◆ DIRECTIONS FOR THIS TASK
It would help if you retyped the data exactly, leaving out the pictures.

◆ SUPPLIED INFORMATION
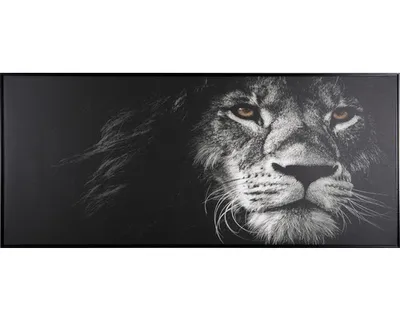 Obrázok produktu pre Obraz v ráme Shadow Animal 59 x 134 cm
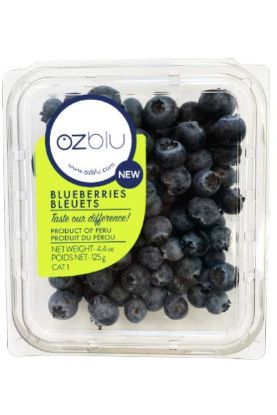 Picture of Ozblu Blueberries Bleuets 1 Pc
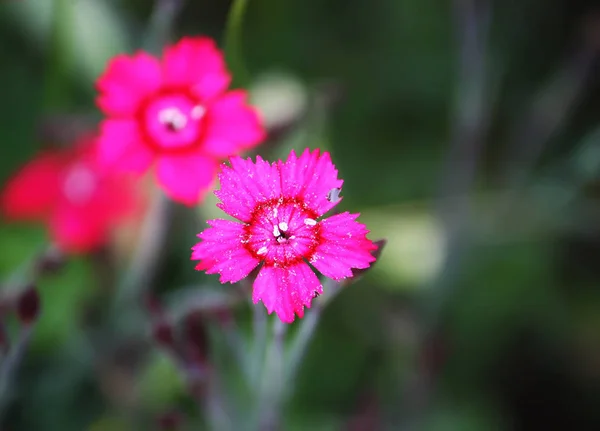 Claveles flores en el sol . — Foto de Stock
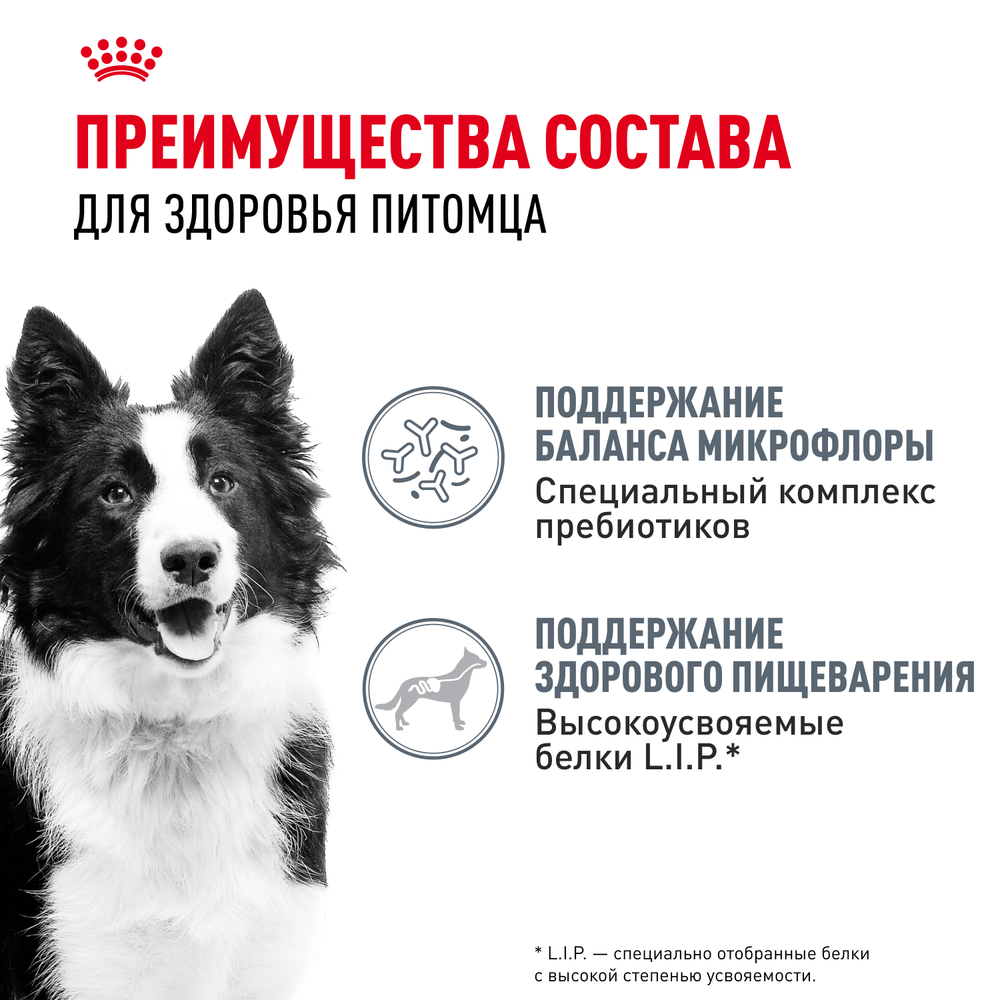 Royal Canin Medium Digestive Care Медиум Дайджестив кэа Корм сухой для взрослых собак средних размеров с чувствительным пищеварением 3кг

◆ OUTPUT OF THE EXERCISE
 Obrázok produktu pre Obraz v ráme Shadow Animal 59 x 134 cm
 Picture of Ozblu Blueberries Bleuets 1 Pc
 Claveles flores en el sol . — Foto de Stock
 Royal Canin Medium Digestive Care Медиум Дайджестив кэа Корм сухой для взрослых собак средних размеров с чувствительным пищеварением 3кг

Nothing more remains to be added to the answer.